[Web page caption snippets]
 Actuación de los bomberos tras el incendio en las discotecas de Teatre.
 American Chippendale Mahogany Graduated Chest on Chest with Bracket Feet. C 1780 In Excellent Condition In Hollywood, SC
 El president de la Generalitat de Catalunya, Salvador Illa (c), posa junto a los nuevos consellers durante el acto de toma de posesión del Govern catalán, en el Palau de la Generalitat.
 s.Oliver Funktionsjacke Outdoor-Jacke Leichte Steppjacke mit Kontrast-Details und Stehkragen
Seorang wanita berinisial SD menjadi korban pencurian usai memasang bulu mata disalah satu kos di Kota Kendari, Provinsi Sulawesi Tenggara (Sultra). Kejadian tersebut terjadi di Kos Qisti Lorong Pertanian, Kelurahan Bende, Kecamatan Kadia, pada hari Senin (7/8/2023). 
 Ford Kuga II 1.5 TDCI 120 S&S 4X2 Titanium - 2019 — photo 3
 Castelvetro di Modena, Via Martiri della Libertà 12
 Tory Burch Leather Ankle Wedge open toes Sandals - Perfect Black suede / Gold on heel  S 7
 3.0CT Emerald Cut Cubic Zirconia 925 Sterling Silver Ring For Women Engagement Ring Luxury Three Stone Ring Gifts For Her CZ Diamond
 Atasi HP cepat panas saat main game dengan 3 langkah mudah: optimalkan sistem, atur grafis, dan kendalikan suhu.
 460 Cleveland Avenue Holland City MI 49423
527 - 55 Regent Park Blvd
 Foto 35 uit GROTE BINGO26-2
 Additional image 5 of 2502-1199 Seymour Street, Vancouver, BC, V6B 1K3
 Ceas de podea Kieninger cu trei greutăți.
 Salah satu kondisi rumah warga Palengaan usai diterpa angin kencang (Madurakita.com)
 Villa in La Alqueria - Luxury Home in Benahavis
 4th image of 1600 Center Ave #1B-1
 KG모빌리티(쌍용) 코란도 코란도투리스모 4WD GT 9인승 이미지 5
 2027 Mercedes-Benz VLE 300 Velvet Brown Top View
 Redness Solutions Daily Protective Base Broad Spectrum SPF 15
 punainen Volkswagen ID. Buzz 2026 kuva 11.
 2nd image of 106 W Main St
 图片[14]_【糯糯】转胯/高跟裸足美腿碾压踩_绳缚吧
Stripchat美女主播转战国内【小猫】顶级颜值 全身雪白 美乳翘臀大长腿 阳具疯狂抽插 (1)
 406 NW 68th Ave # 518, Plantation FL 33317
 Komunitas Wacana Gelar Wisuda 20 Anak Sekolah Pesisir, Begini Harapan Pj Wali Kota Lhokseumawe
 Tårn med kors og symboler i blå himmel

WHAT TO PRODUCE.
Please set down each of the entries above exactly as given.

FINAL ANSWER.
 Actuación de los bomberos tras el incendio en las discotecas de Teatre.
 American Chippendale Mahogany Graduated Chest on Chest with Bracket Feet. C 1780 In Excellent Condition In Hollywood, SC
 El president de la Generalitat de Catalunya, Salvador Illa (c), posa junto a los nuevos consellers durante el acto de toma de posesión del Govern catalán, en el Palau de la Generalitat.
 s.Oliver Funktionsjacke Outdoor-Jacke Leichte Steppjacke mit Kontrast-Details und Stehkragen
Seorang wanita berinisial SD menjadi korban pencurian usai memasang bulu mata disalah satu kos di Kota Kendari, Provinsi Sulawesi Tenggara (Sultra). Kejadian tersebut terjadi di Kos Qisti Lorong Pertanian, Kelurahan Bende, Kecamatan Kadia, pada hari Senin (7/8/2023). 
 Ford Kuga II 1.5 TDCI 120 S&S 4X2 Titanium - 2019 — photo 3
 Castelvetro di Modena, Via Martiri della Libertà 12
 Tory Burch Leather Ankle Wedge open toes Sandals - Perfect Black suede / Gold on heel  S 7
 3.0CT Emerald Cut Cubic Zirconia 925 Sterling Silver Ring For Women Engagement Ring Luxury Three Stone Ring Gifts For Her CZ Diamond
 Atasi HP cepat panas saat main game dengan 3 langkah mudah: optimalkan sistem, atur grafis, dan kendalikan suhu.
 460 Cleveland Avenue Holland City MI 49423
527 - 55 Regent Park Blvd
 Foto 35 uit GROTE BINGO26-2
 Additional image 5 of 2502-1199 Seymour Street, Vancouver, BC, V6B 1K3
 Ceas de podea Kieninger cu trei greutăți.
 Salah satu kondisi rumah warga Palengaan usai diterpa angin kencang (Madurakita.com)
 Villa in La Alqueria - Luxury Home in Benahavis
 4th image of 1600 Center Ave #1B-1
 KG모빌리티(쌍용) 코란도 코란도투리스모 4WD GT 9인승 이미지 5
 2027 Mercedes-Benz VLE 300 Velvet Brown Top View
 Redness Solutions Daily Protective Base Broad Spectrum SPF 15
 punainen Volkswagen ID. Buzz 2026 kuva 11.
 2nd image of 106 W Main St
 图片[14]_【糯糯】转胯/高跟裸足美腿碾压踩_绳缚吧
Stripchat美女主播转战国内【小猫】顶级颜值 全身雪白 美乳翘臀大长腿 阳具疯狂抽插 (1)
 406 NW 68th Ave # 518, Plantation FL 33317
 Komunitas Wacana Gelar Wisuda 20 Anak Sekolah Pesisir, Begini Harapan Pj Wali Kota Lhokseumawe
 Tårn med kors og symboler i blå himmel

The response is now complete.